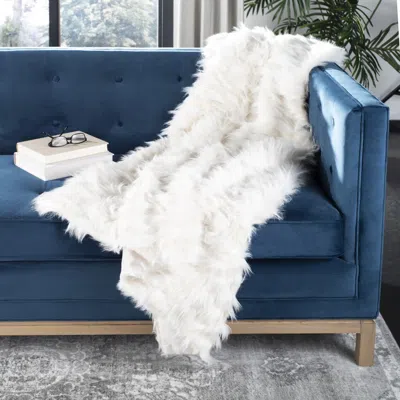 Safavieh Luxe Feather Throw In Animal Print
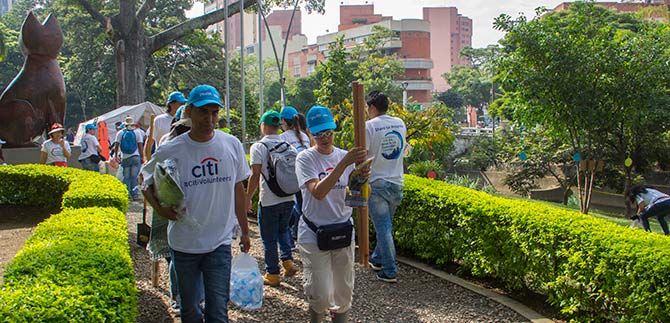 Empresa privada se uni� a la recuperaci�n ambiental del r�o Cali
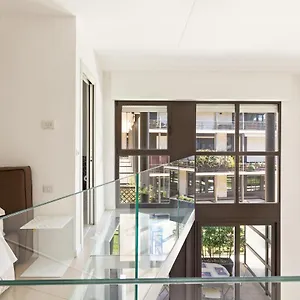 Elegant Loft With Balcony! Appartamento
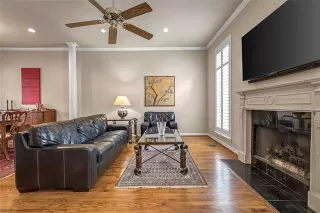 Photo #4: 21198644 Listing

**What you need to do:**
Could you print the listing above exactly, without the pictures?

**Answer area:**
 Safavieh Luxe Feather Throw In Animal Print
 Empresa privada se uni� a la recuperaci�n ambiental del r�o Cali
 Elegant Loft With Balcony! Appartamento
 Photo #4: 21198644 Listing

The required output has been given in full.